_Assigned task_: Output the full listing below exactly; the images stay out.

_Supplied data_:
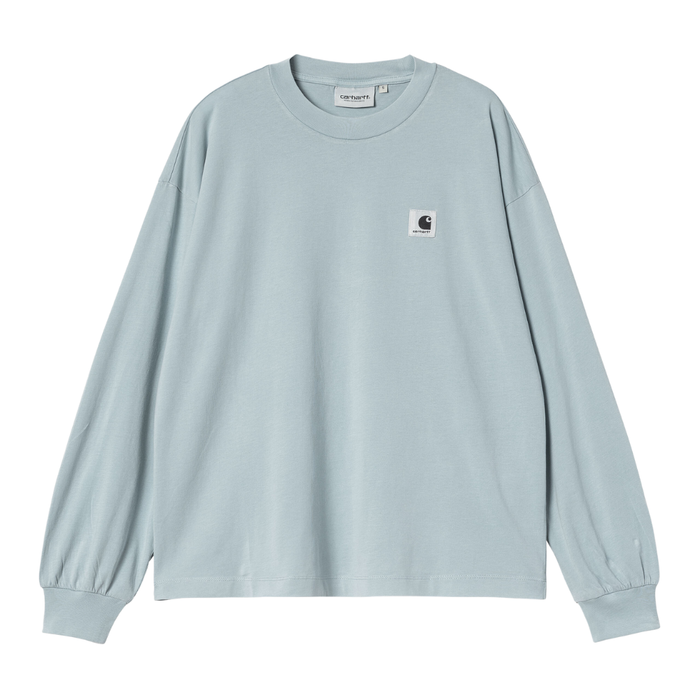 W L/S Nelson T-Shirt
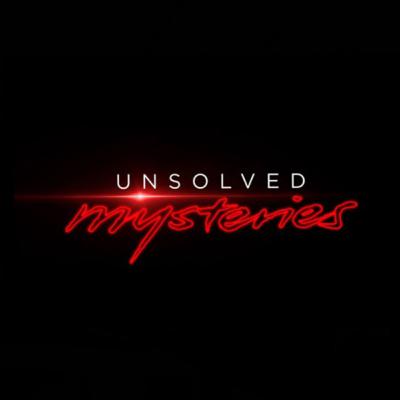 Unsolved Mysteries Episode One Unsolved Mysteries Episode One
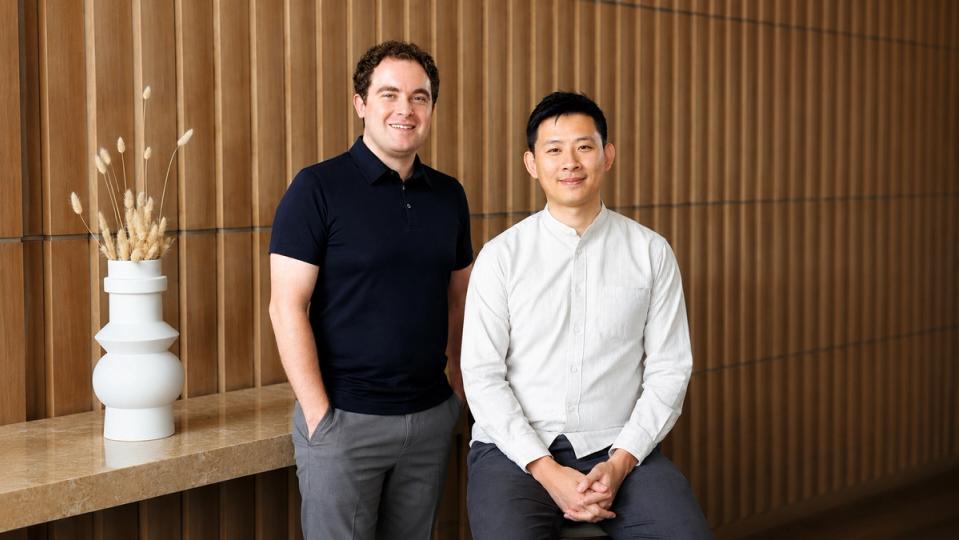 Variational: A Revolução no Comércio Peer-to-Peer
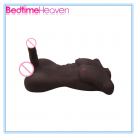 Торс мужской. Силикон. С большим пенисом. photo 6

_Answer for the task_:
 W L/S Nelson T-Shirt
 Unsolved Mysteries Episode One Unsolved Mysteries Episode One
 Variational: A Revolução no Comércio Peer-to-Peer
 Торс мужской. Силикон. С большим пенисом. photo 6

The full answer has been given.